メガネレンズにはガラスとプラスチックがありますが、日本ではレンズの95%がプラスティックです。なぜでしょうか。

1970年代までは、ガラスレンズが主流でした。光学的に優れていますし、傷が付きにくく丈夫です。プラスティックのメリットは、軽くて割れにくいこと。しかし、屈折率(光を曲げる効果)がガラスより低いため、度が強いとレンズが厚くなる欠点がありました。

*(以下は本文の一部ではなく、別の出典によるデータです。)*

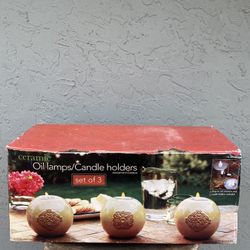 Oil Lamps/Candle Holders Set of 3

ところが1980年代になると、高屈折のプラスティックレンズが登場します。ゆがみの少ない非球面設計や反射防止・水ヤケ防止など、コーティング技術も発達し、プラスティックレンズのシェアが増えました。
▶参考 コートと加工(HOYA)

HOYAレンズのコーティング例

しかもプラスティックレンズは、ガラスと違って様々な色に染めることが出来るため、ファッション性も高くなります。

ただし、プラスティック特有の弱点もあります。

※傷つきやすい
※熱に弱い

ところがこの欠点も、コーティング技術の進化で、今では解決できています。後述します。

メガネの肝はレンズコーティングにあり!

メガネは、レンズのコーティングを選ぶことで機能が大きく変化します。それゆえに、レンズを価格だけで選ぶと、後で痛い目に合う場合もあります。レンズにどのようなコーティングが施されているか、あるいはどのようなコーティングをしてもらうかが重要です。

レンズコーティングは、レンズに薄いコーティングを何枚も重ねて行く技術であり、日本でいち早く開発されました。それぞれのコートの厚みは0.001mm以下。非常に高度な技術によるものです。

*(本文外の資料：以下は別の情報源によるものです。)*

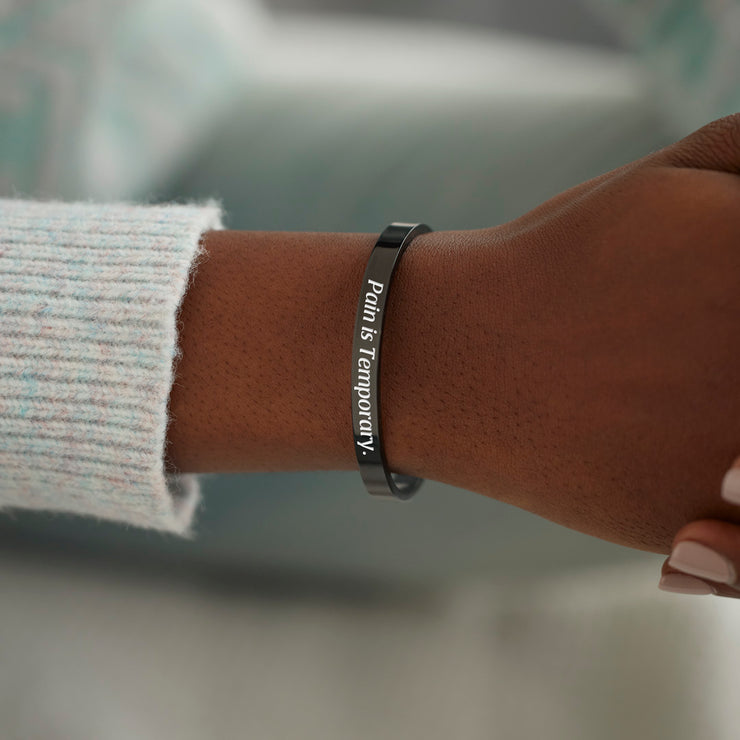 Pain is Temporary Black Bangle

紫外線防止、キズ防止、反射防止、ブルーライトカットなど、これらは全てコーティングによるものです。

イトーレンズのネッツペックコート

気になるのがプラスティックレンズの寿命ですね。通常、1年半から2年ほどです。

以前、「5年使っているメガネのレンズに傷がついてしまった。修理してほしい」と持ち込まれたことがあります。プラスティックレンズの特性やコーティングについてご存じない消費者が、実は多いんです。

レンズによっては、3~4年長持ちするものもありますが、基本的には、丁寧に扱わないと1年持たずしてコーティングが剥がれたりしますので要注意。修理はできません。

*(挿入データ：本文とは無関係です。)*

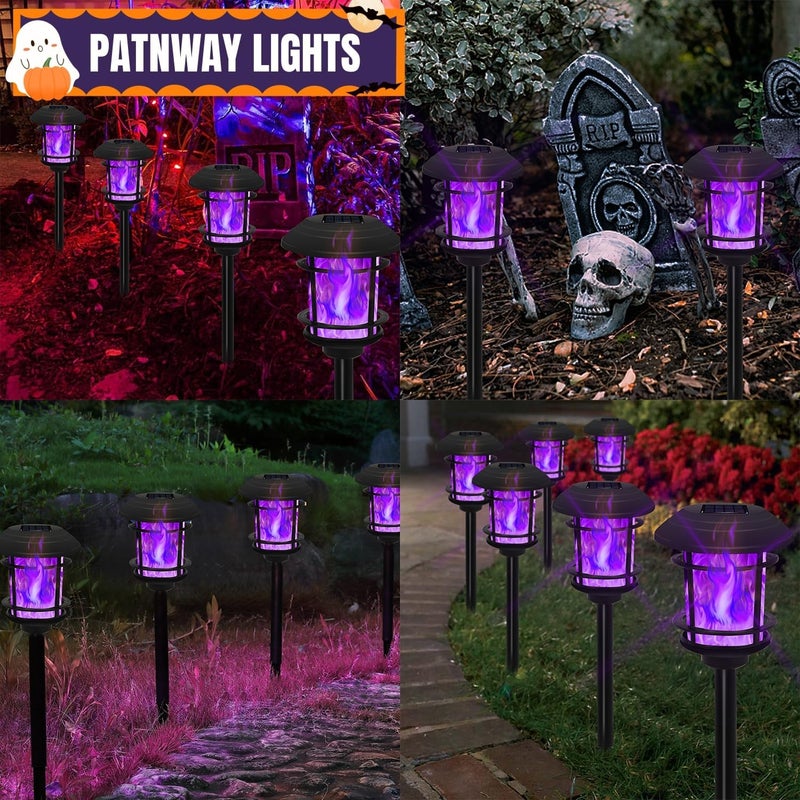Dynaming 6 Pack Solar Flame Torch Lights Outdoor, Dual Use Flickering Purple Flame Garden Light, Hanging Lantern, Auto On/Off & Waterproof Halloween Lighting for Lawn Patio Yard Walkway Driveway - Image 5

特に気をつけたいのが熱と酸。コーティングの大敵です。このことを理解してメガネを使えば、一層長持ちします。

※レンズは暑さや急激な温度変化に弱い
 60度以上になると、クラック(レンズのひび割れ)が発生します。車内ダッシュボードに放置するのは危険です。風呂、サウナ、ドライヤーなども大敵です。

※石鹼を使ったり、ぬるま湯は厳禁
 ぬるま湯でも、熱に弱いコーティングだと剥がれてしまいます。メガネは水で洗ってください。また酸が苦手なので、石鹸や弱酸性のものを使うとコーティングが浮き出してしまうので、必ず中性洗剤を使ってください。

※乾いたままでレンズを拭く
眼に見えなホコリが付いているかもしれないレンズを乾拭きすると、コーティングが傷ついたり、剥がれたりします。拭く前に水洗いするか、専用クリーナーを使ってください。

※水滴を放置するとシミになる
雨降りや、ビーチなどのレジャー時に水滴がかかる時があります。そのままにしておくと、水分に含まれた汚れがレンズに吸着されて取れなくなる場合もあります。濡れたレンズはすぐに拭いてください。

レンズコーティングの種類

現在のプラスティックレンズには基本的なマルチコートが施されています。紫外線防止、反射防止、汚れ防止という3つの機能です。とはいえ紫外線防止は380㎚前後であり、有害可視光線と言われる電磁波420㎚をカットしていませんので要注意。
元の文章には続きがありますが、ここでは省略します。